On 24 April 1871 a public meeting was convened to establish an Academy of Art 'for the purpose of promoting the fine arts through lectures, art classes and regular exhibitions.' From 1872 until 1879 the Academy's main activity was the organisation of annual art exhibitions. On the 11 November 1880, at its 9th Annual Meeting, the Academy dissolved itself, stating that its aims had been realised in the foundation of a public Gallery. The Gallery at this time was known simply as The Art Gallery of New South Wales. In 1883 its name was changed to The National Art Gallery of New South Wales. The Gallery was incorporated by an Act of Parliament in 1899. The Library and Art Gallery Act 1899 provided for the general control and management of the Gallery. The fine arts display at the Sydney International Exhibition of 1879-1880 became the nucleus of a government collection administered by the Royal Art Society of New South Wales. However, most of the collection was destroyed in the Garden Palace Fire of 1882, and the Art Society along with the trustees for the Academy of Art (formed in 1871) spent the next thirteen years debating with the state government, the press and the public, the need for a permanent gallery, its site, and the architect to build it. The Academy of Art trustees preferred a private architect, whereas the government want the assignment to be given to the Colonial Architect. The first two picture galleries were opened in 1897 and a further two in 1899. A watercolour gallery was added in 1901 and in 1902 the Grand Oval Lobby was completed. Outside the building, the names of old grand masters are emblazoned upon the front facade. In the panels beneath, bronze relief sculptures symbolise the contribution to art by four civilisations - Roman, Greek, Assyrian and Egyptian. On the main facade two remain empty, on the others all are empty. In 1958 a new "Art Gallery of New South Wales Act 1958" was passed and the Gallery's name was reverted to The Art Gallery of New South Wales.

2007 Art Theft
On 10 June 2007 a 17th century work by Frans van Mieris, entitled A Cavalier (Self Portrait) was stolen from the gallery.
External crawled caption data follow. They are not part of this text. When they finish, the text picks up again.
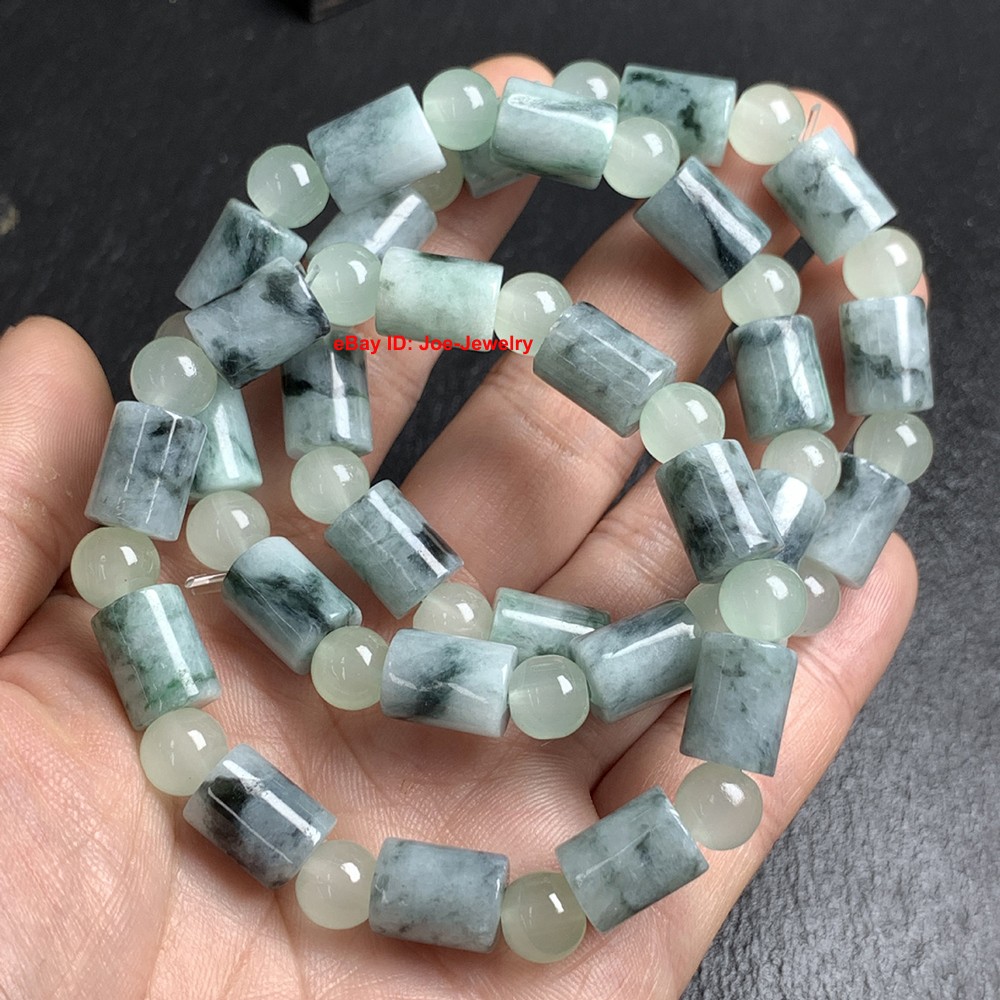 Natural Jadeite Stretch Bracelet Grade A Jade 8.7mm Tube Bead Spacers Bracelet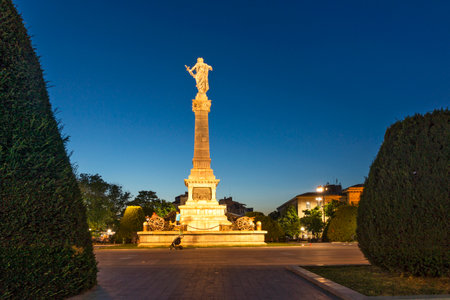 RUSE, BULGARIA -AUGUST 15, 2021: Sunset view of Freedom Square at the center of city of Ruse, Bulgariaのeditorial素材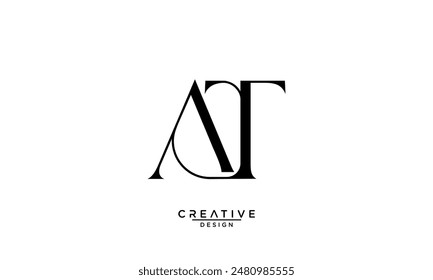 AT, TA, Abstract Letters Logo Monogram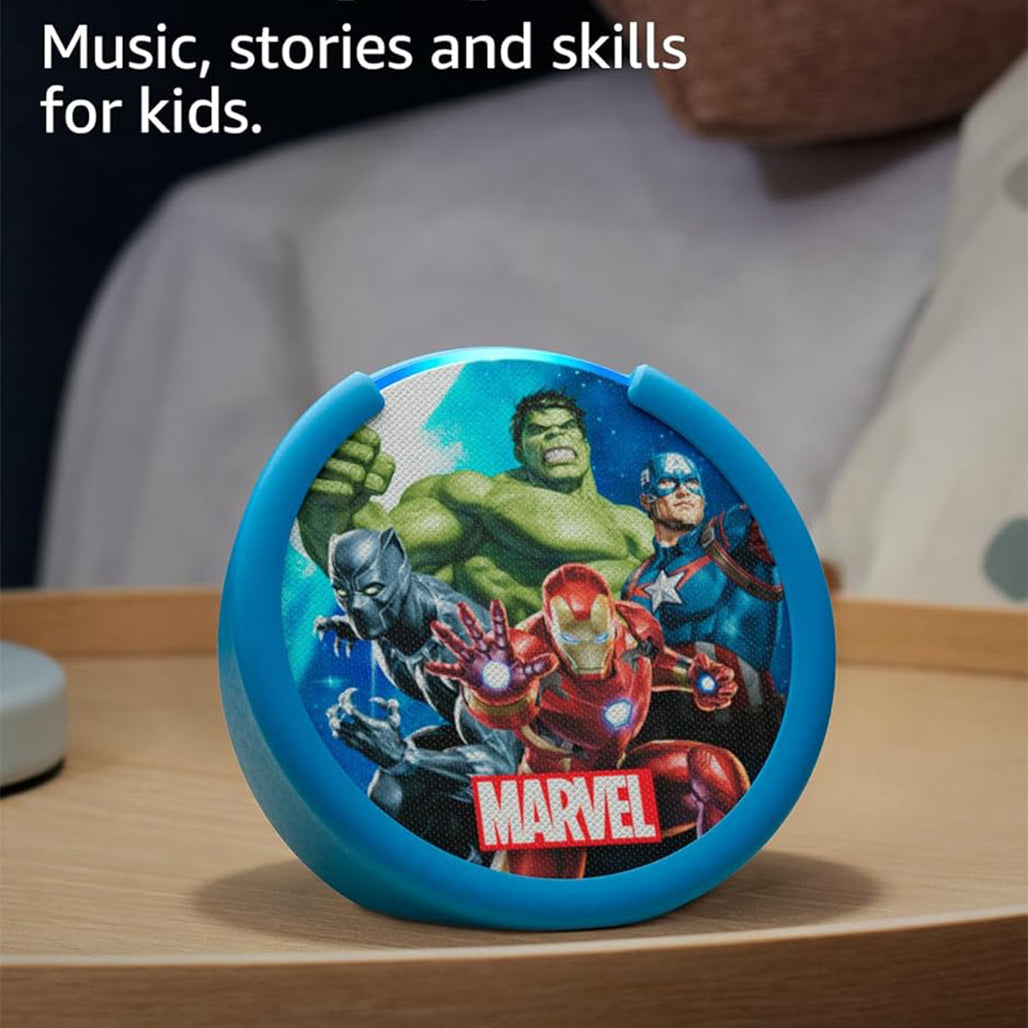 A Photo Of Amazon Echo Pop Kids Marvel’s Avengers – Smart Speaker with Alexa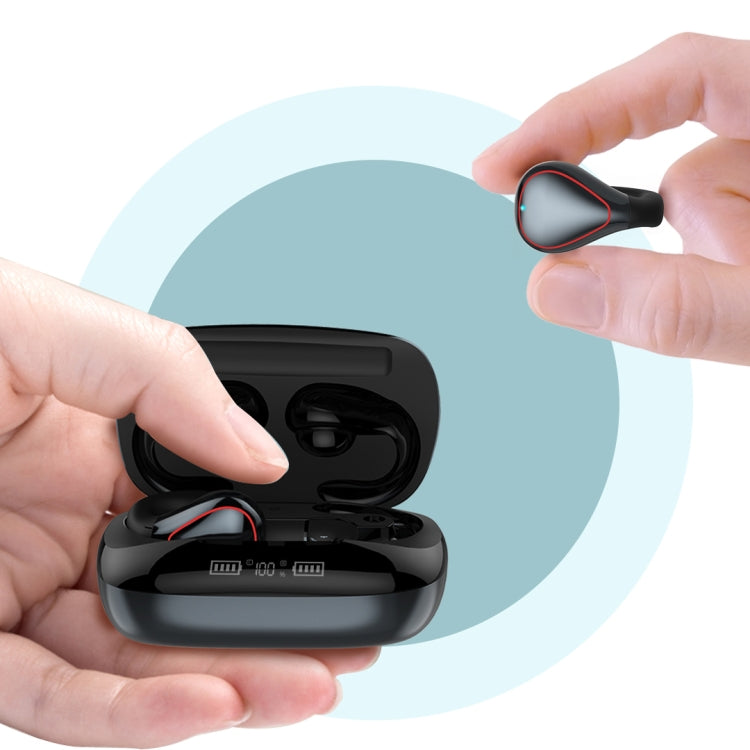 T20 TWS Bluetooth 5.0 Touch Wireless Bluetooth Earphone with Three LED Battery Display & Charging Box, Support Call & Voice Assistant(Gun Gray)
The painting, valued at A$1.4 million and donated by John Fairfax, was "swiftly and expertly" removed from its wall amidst a crowd of 6,000. Police have not ruled out an inside job and have speculated the painting could have been carried out under the culprit's coat. Following the incident security at the gallery has been reviewed. There were no cameras in the room nor were guards stationed in it, none of the paintings in the gallery are protected by alarms and patrons are not checked upon leaving the building. Furthermore the theft was not reported to police until late Monday. Some experts believe the painting would be hard to sell in Australia, however fear it may already have been smuggled overseas. In light of this Australian Customs and Interpol have been notified.

The Building
By the time the site was agreed upon in 1895, James Barnet had retired, and the new Colonial Architect, Walter Liberty Vernon (1846”“1914), was given the assignment. As a temporary measure, John Horbury Hunt, a private architect, had designed a small brick structure to temporarily house the collection, which was built in 1885. This building was dwarfed by the new gallery when it opened in 1897 and remained to the rear of the new gallery until it was demolished in 1969 to make way for new extensions. Although the majority of Vernon's buildings are in the Arts and Crafts style, the 1897 building was built in the classical tradition. The Gallery's design was conservative and was the penultimate example of the neo-Greek temple as a portico for a major public institution in Sydney. The design of the vestibule, by James Barnet, is reportedly "derived from Raphael's Villa Madama in Rome (c1520). Here it is an especially fine and unusual example of design and detailing using Saunders' yellowblock, for instance, in its cornices and arches." In 1968 the New South Wales Government decided that the Gallery would be extended and form a major part of the Captain Cook Bicentenary celebrations. As a result, the "Captain Cook wing" is built and opened to public in November 1970. The new gallery space provided five storeys behind the original classical façade, increased the racking space to 1.25 linear kilometres, included a new café, a sculpture courtyard and administrative offices. Grey toned rough concrete was used to "blend" with the sandstone of the old building. Both extensions were the responsibility of Government architect Andrew Andersons. More recently, as part of the "Open Museum" project, sculptures have been positioned along the entry road. On 23 October 2003 a new Asian Arts wing was opened. It was designed by Sydney architect Richard Johnson and included alterations to the original Asian gallery, a new temporary exhibition space above the Art Gallery’s entrance foyer, new conservation studios, a cafe, a restaurant and dedicated function area. In 2003 the Gallery also extended its opening hours until 9pm on Wednesday nights.

Gallery Directors
The title of director has changed several times in the history of the AGNSW.
  • 1892 - 1894 Eliezer Montefiore (Director)
  • 1895 - 1905 George Layton (Secretary and Superintendent)
  • 1905 - 1929 Gother Mann CBE (Secretary and Superintendent 1905-1912; Director and Secretary 1912-1929)
  • 1929 - 1937 James MacDonald (Director and Secretary)
  • 1937 - 1945 Sir John Ashton OBE ROI (Director and Secretary)
  • 1945 - 1971 Hal Missingham AO (Director and Secretary)
  • 1971 - 1978 Peter Laverty (Director)
  • 1978 - Edmund Capon AO OBE (Director)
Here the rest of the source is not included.